I simply let the phone ring, until it stopped. I sighed in relief.

A few moments later, the phone rings again, only this time it was more tempting to pick up. I groan in annoyance, but still, I let it ring. It finally had stopped.

I swear... If that thing rings one more time.

Not to my surprise, it rung a final time.

I stood up and marched over to the phone and lifted it off the latch.

"What?!" I said, angrily with the phone to my ear. At that point, I didn't care who would respond back. I just wanted time to myself, is that so much to ask?

"Roger. It's me." A low voice spoke, who I recognized easily to be Brian's. Of course, it had to be him, that's just perfect.

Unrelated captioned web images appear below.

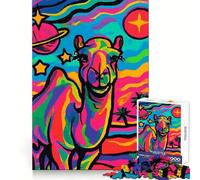 Puzzle 1000 pièces Chameau psychédélique dans l'espace pour Adolescents Puzzle Wise Think Toy Simple et Amusant Découpe précise Père Noël Vœux 50x75cm
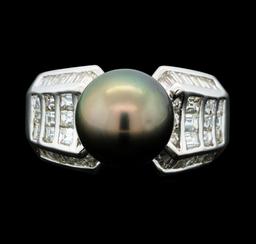 1.49 ctw Diamond and Black Pearl Ring - Palladium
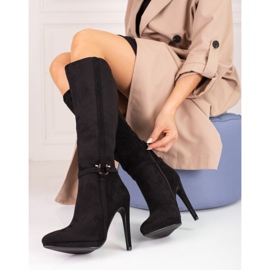 Botas femininas com salto agulha preto Shelovet 1
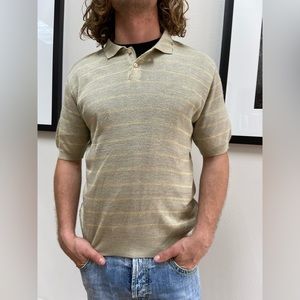 Vintage Z Barrage M Linen Blend Striped Collared Pullover Sweater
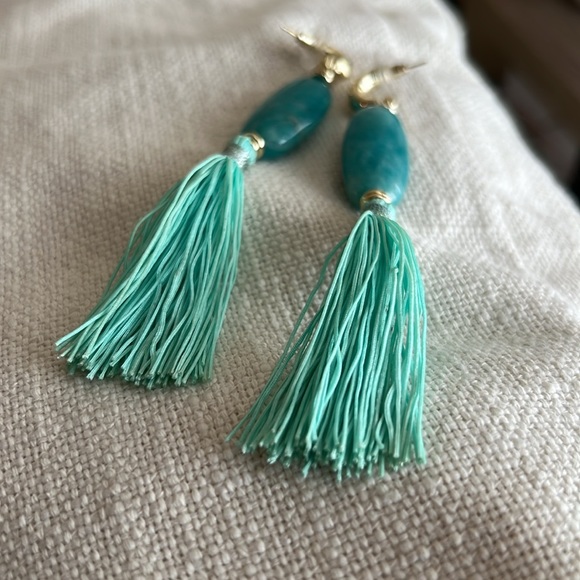 NWT! Kendra Scott Insley Earring in Gold & Teal Mix - Picture 3 of 6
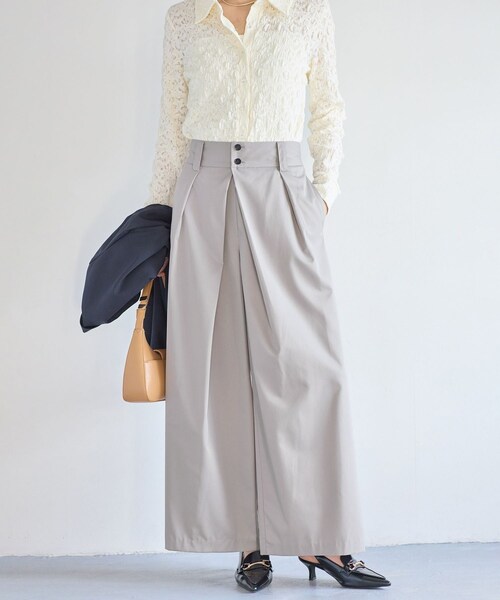 VIS（ビス）の「フロントタックデザインワイドパンツ（その他パンツ・レディース・ライトグレー/ベージュ・M/S）」の18枚目の写真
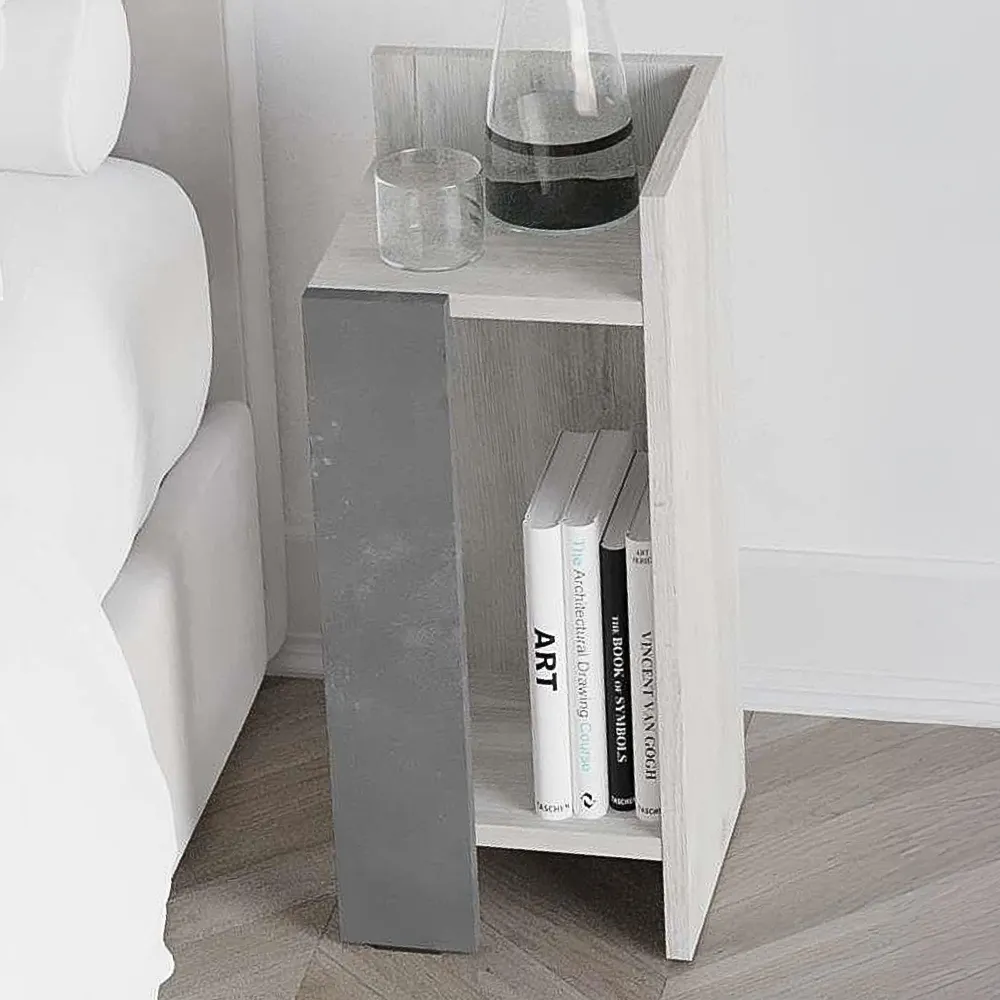 Elos 2 Shelf Bedside Table Set of 2 - Ancient White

"What do you want? I don't want to talk to anyone!"

"Rog, I'm coming over."

"No, you're not."

"Yes, I am."

I didn't say anything, because I knew he wasn't going to listen to me.

"Hear me out, I need to talk to you. A perfectly normal conversation."

"Thought you already had one with me. When I told you I 'lied'" my eyebrows had furrowed.

The other line went quiet from my remark for a moment but then I heard him clear his throat.

"I want to talk to you normally, Rog. I miss you. You know that. And I know you miss me too so don't even pretend."

"I don--"

"Don't lie."
His command tightly made me wrap my hand into the phone cord nervously.
He was right, I did miss him. I missed him being someone who would actually be there for me. Unless I'm being over-reactive and that this whole thing wasn't a big deal. Is our relationship even considered a big deal?